> [Work item]:
Give all of the data again exactly as written, omitting every image.

> [Data to use]:
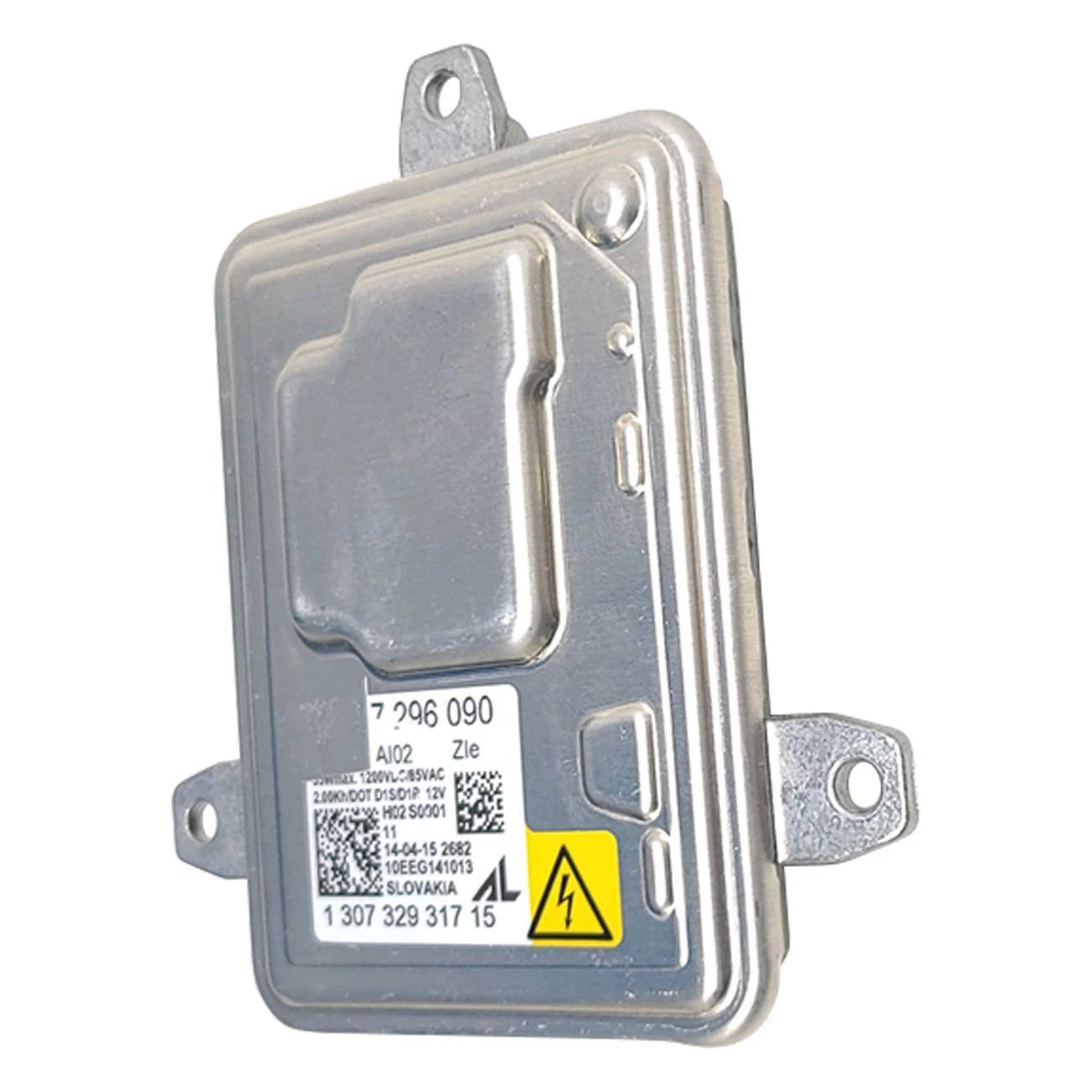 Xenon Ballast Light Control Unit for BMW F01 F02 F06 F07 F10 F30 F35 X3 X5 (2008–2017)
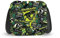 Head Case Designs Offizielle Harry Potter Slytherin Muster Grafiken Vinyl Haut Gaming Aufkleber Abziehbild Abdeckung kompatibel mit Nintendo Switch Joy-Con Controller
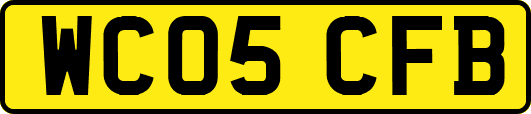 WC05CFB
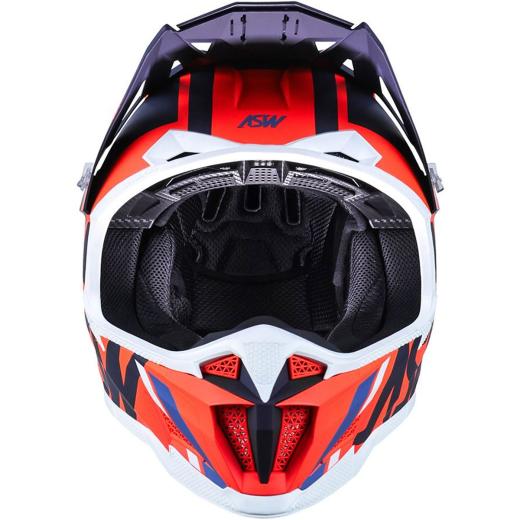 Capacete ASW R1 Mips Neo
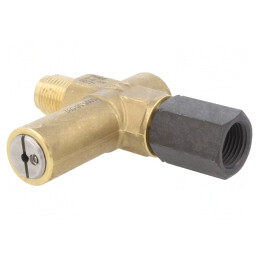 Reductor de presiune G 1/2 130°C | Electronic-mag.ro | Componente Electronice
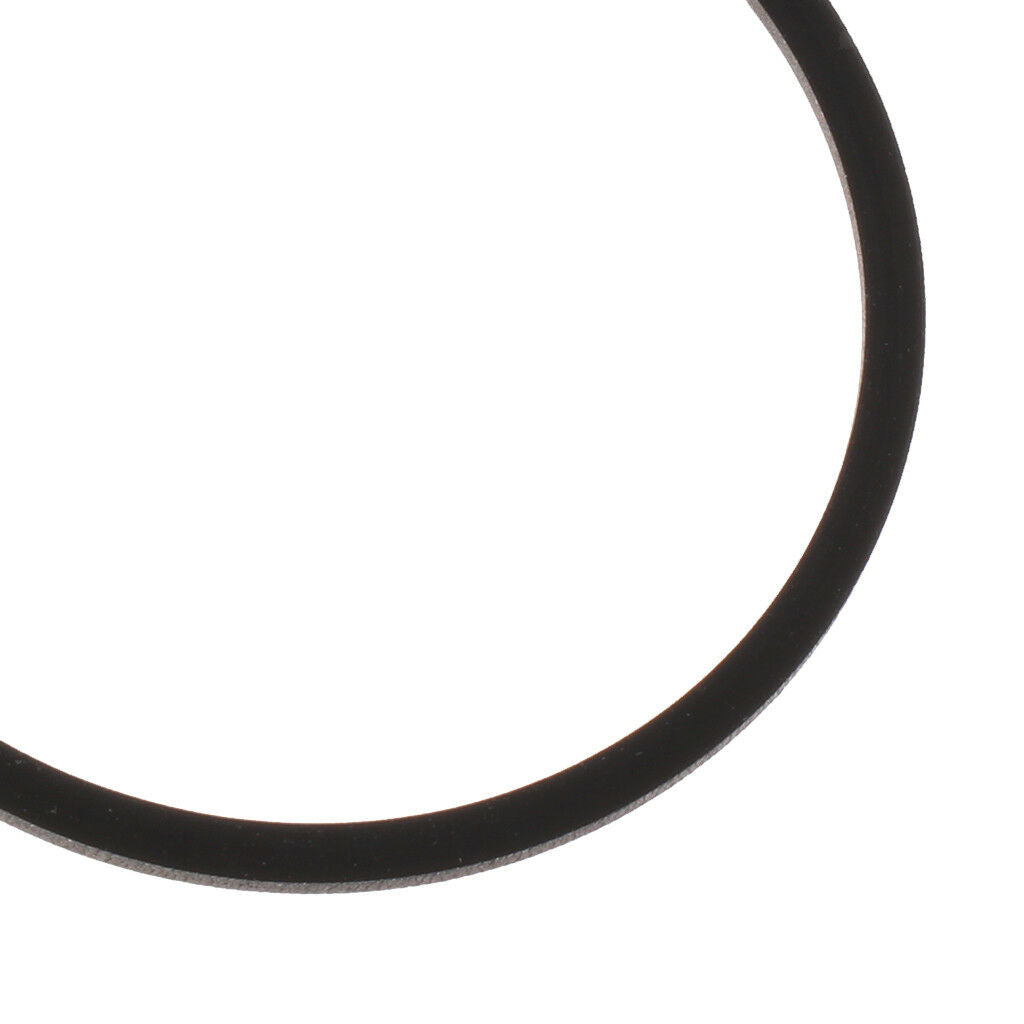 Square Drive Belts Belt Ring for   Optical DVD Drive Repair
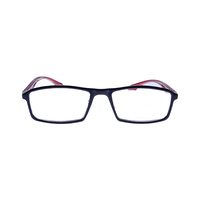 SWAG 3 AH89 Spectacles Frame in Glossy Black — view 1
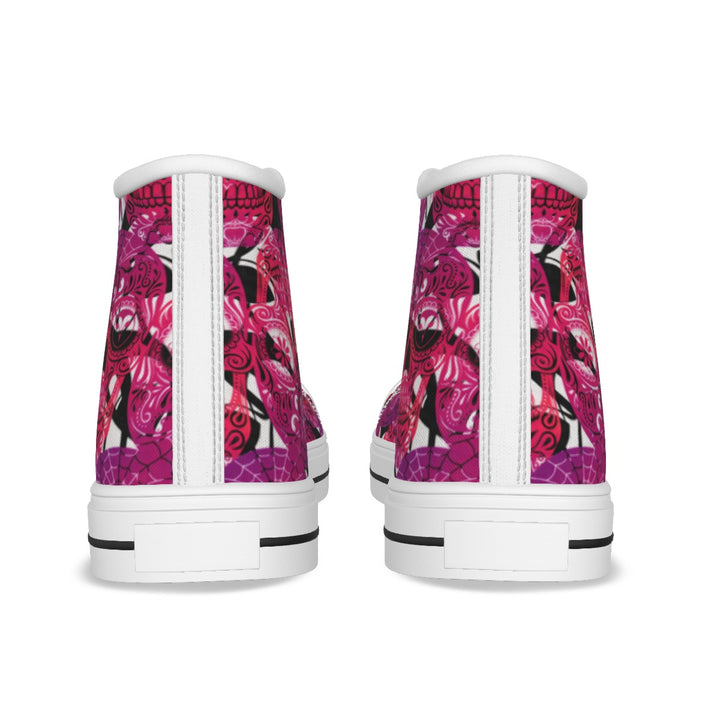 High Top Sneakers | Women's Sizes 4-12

> [Worked solution]:
 Xenon Ballast Light Control Unit for BMW F01 F02 F06 F07 F10 F30 F35 X3 X5 (2008–2017)
 Head Case Designs Offizielle Harry Potter Slytherin Muster Grafiken Vinyl Haut Gaming Aufkleber Abziehbild Abdeckung kompatibel mit Nintendo Switch Joy-Con Controller
 WC05CFB
 Capacete ASW R1 Mips Neo
 Reductor de presiune G 1/2 130°C | Electronic-mag.ro | Componente Electronice
 Square Drive Belts Belt Ring for   Optical DVD Drive Repair
 SWAG 3 AH89 Spectacles Frame in Glossy Black — view 1
 High Top Sneakers | Women's Sizes 4-12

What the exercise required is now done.